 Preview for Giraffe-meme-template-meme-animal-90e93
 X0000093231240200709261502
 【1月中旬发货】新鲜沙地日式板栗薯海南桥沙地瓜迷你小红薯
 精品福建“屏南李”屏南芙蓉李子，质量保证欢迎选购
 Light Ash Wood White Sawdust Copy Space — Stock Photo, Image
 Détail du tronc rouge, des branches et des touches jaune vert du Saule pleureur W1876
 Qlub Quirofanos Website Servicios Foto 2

┄┄┄┄┄┄

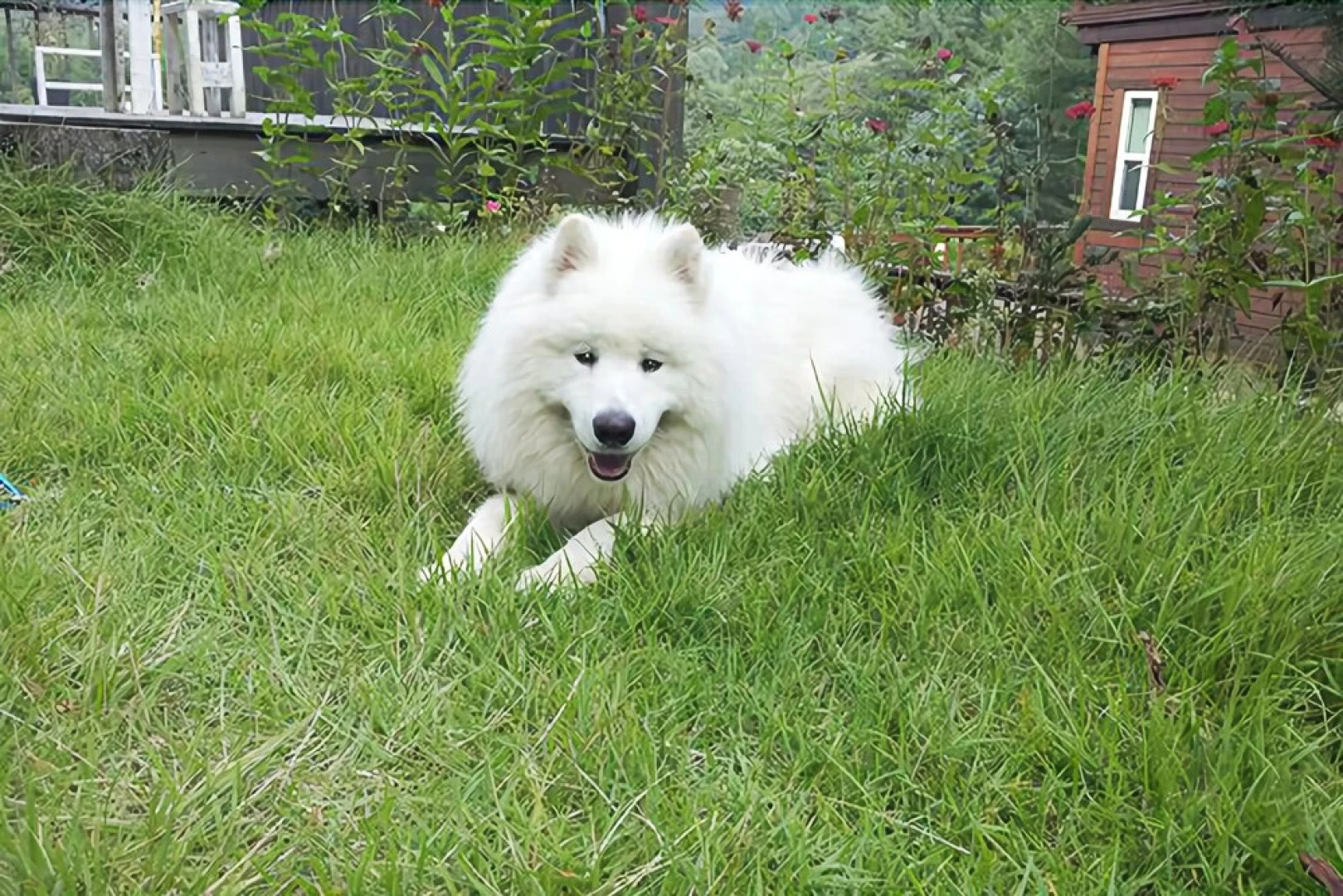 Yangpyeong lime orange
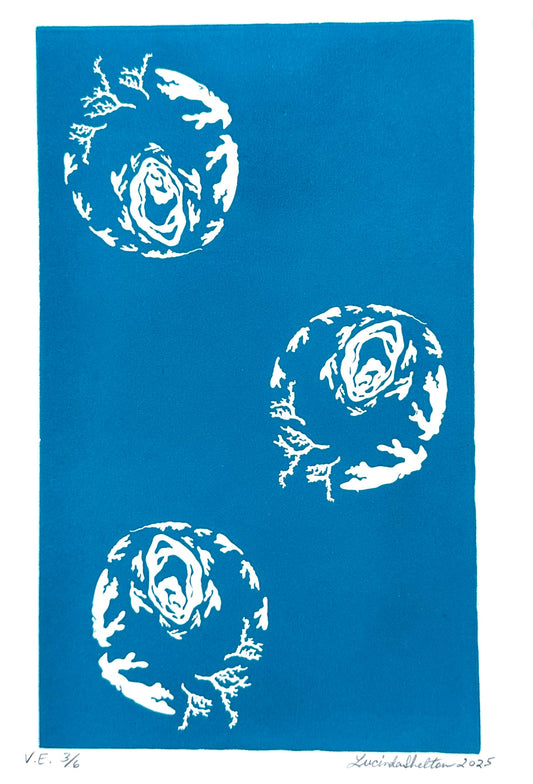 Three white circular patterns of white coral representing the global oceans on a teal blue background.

┄┄┄┄┄┄

#### YOUR TASK
From the records above, reproduce exactly the lines from the one with "X0000093231240200709261502" to the one with "Qlub Quirofanos Website Servicios Foto 2", both included, and no others.

#### EXERCISE SOLUTION
 X0000093231240200709261502
 【1月中旬发货】新鲜沙地日式板栗薯海南桥沙地瓜迷你小红薯
 精品福建“屏南李”屏南芙蓉李子，质量保证欢迎选购
 Light Ash Wood White Sawdust Copy Space — Stock Photo, Image
 Détail du tronc rouge, des branches et des touches jaune vert du Saule pleureur W1876
 Qlub Quirofanos Website Servicios Foto 2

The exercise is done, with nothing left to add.